De Laurentiis ieri dal questore per visionare i filmati, non arretra sulla legalità

Il presidente del Napoli nella giornata di ieri si è recato in Questura per visionare i filmati di quanto successo in occasione di Napoli-Milan.
Aurelio De Laurentiis nella giornata di ieri è stato dal questore di Napoli. Il presidente della SSC Napoli non arretra sulla legalità. Non intende fare passi indietro. Lo ricorda Monica Scozzafava che sul Corriere della Sera. "Ieri il patron partenopeo era negli uffici del questore Alessandro Giuliani. A chiedere conto dei filmati delle telecamere (oltre 200), a percorrere, deciso, la strada della legalità: «Gli stadi non possono essere un porto franco», ripete tutte le volte".

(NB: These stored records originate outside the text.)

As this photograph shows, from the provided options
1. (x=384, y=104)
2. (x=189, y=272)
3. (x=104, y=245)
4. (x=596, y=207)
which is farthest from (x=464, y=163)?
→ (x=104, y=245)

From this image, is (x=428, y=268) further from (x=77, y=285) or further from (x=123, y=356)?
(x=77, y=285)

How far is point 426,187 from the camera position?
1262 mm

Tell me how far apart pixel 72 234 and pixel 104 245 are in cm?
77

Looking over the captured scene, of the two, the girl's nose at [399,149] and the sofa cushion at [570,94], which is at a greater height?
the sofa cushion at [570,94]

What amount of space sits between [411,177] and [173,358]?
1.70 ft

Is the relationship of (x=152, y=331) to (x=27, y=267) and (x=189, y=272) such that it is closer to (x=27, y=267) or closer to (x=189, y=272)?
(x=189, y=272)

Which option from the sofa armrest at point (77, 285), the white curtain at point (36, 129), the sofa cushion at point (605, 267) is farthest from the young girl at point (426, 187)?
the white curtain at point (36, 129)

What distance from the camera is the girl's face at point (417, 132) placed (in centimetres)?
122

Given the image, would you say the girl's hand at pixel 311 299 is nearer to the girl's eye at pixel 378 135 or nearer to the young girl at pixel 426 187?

Poi si legge: "De Laurentiis è (sarà) il presidente del terzo scudetto ma è anche l’uomo più odiato dagli ultrà. Ma non arretra di un centimetro. La sua battaglia contro l’illegalità è iniziata bandendo biglietti e favori agli ultrà, schierandosi dalla parte delle forze dell’ordine, sponsorizzando il modello inglese senza timore di ritorsioni".
"I prezzi dei biglietti al Maradona sono alti? De Laurentiis non ha mai nascosto che la sua è una azienda che si autofinanzia, che il calcio è business. A modificare il regolamento dello stadio per favorire l’ingresso di bandiere e tamburi proprio non ci pensa. De Laurentiis è così: prendere o lasciare", si legge nell'articolo.